RECORD EXCERPTS:
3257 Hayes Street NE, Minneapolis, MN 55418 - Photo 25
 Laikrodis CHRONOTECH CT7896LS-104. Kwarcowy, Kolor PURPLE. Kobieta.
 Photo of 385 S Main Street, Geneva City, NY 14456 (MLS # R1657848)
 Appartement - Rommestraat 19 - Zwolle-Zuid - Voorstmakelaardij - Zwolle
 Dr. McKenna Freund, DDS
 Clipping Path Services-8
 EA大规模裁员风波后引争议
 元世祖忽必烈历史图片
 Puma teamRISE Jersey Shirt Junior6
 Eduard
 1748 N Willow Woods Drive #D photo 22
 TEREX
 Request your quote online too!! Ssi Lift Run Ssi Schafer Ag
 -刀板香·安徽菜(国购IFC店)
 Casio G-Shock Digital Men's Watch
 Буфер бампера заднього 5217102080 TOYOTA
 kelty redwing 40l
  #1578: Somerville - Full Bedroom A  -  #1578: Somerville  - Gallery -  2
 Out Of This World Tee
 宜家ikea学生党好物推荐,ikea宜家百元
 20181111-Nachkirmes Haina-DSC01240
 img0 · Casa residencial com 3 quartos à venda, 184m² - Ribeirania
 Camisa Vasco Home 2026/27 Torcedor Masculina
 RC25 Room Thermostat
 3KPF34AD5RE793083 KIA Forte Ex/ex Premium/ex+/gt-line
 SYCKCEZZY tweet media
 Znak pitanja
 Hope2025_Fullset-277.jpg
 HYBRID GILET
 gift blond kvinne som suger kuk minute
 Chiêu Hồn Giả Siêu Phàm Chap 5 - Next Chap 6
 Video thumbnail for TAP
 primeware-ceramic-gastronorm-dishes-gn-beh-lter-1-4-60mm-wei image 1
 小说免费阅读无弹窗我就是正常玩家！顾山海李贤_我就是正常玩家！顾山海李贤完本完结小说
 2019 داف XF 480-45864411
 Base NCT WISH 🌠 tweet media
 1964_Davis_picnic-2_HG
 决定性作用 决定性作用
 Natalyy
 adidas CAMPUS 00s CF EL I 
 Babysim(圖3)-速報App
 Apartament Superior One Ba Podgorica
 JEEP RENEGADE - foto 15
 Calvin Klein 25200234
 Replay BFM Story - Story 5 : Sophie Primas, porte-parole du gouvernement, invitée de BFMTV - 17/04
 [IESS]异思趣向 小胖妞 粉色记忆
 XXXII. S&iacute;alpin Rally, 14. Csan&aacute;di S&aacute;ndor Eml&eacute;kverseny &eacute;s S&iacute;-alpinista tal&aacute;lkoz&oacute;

YOUR GOAL: Reproduce the whole of the material exactly as shown.

EXERCISE RESPONSE:
3257 Hayes Street NE, Minneapolis, MN 55418 - Photo 25
 Laikrodis CHRONOTECH CT7896LS-104. Kwarcowy, Kolor PURPLE. Kobieta.
 Photo of 385 S Main Street, Geneva City, NY 14456 (MLS # R1657848)
 Appartement - Rommestraat 19 - Zwolle-Zuid - Voorstmakelaardij - Zwolle
 Dr. McKenna Freund, DDS
 Clipping Path Services-8
 EA大规模裁员风波后引争议
 元世祖忽必烈历史图片
 Puma teamRISE Jersey Shirt Junior6
 Eduard
 1748 N Willow Woods Drive #D photo 22
 TEREX
 Request your quote online too!! Ssi Lift Run Ssi Schafer Ag
 -刀板香·安徽菜(国购IFC店)
 Casio G-Shock Digital Men's Watch
 Буфер бампера заднього 5217102080 TOYOTA
 kelty redwing 40l
  #1578: Somerville - Full Bedroom A  -  #1578: Somerville  - Gallery -  2
 Out Of This World Tee
 宜家ikea学生党好物推荐,ikea宜家百元
 20181111-Nachkirmes Haina-DSC01240
 img0 · Casa residencial com 3 quartos à venda, 184m² - Ribeirania
 Camisa Vasco Home 2026/27 Torcedor Masculina
 RC25 Room Thermostat
 3KPF34AD5RE793083 KIA Forte Ex/ex Premium/ex+/gt-line
 SYCKCEZZY tweet media
 Znak pitanja
 Hope2025_Fullset-277.jpg
 HYBRID GILET
 gift blond kvinne som suger kuk minute
 Chiêu Hồn Giả Siêu Phàm Chap 5 - Next Chap 6
 Video thumbnail for TAP
 primeware-ceramic-gastronorm-dishes-gn-beh-lter-1-4-60mm-wei image 1
 小说免费阅读无弹窗我就是正常玩家！顾山海李贤_我就是正常玩家！顾山海李贤完本完结小说
 2019 داف XF 480-45864411
 Base NCT WISH 🌠 tweet media
 1964_Davis_picnic-2_HG
 决定性作用 决定性作用
 Natalyy
 adidas CAMPUS 00s CF EL I 
 Babysim(圖3)-速報App
 Apartament Superior One Ba Podgorica
 JEEP RENEGADE - foto 15
 Calvin Klein 25200234
 Replay BFM Story - Story 5 : Sophie Primas, porte-parole du gouvernement, invitée de BFMTV - 17/04
 [IESS]异思趣向 小胖妞 粉色记忆
 XXXII. S&iacute;alpin Rally, 14. Csan&aacute;di S&aacute;ndor Eml&eacute;kverseny &eacute;s S&iacute;-alpinista tal&aacute;lkoz&oacute;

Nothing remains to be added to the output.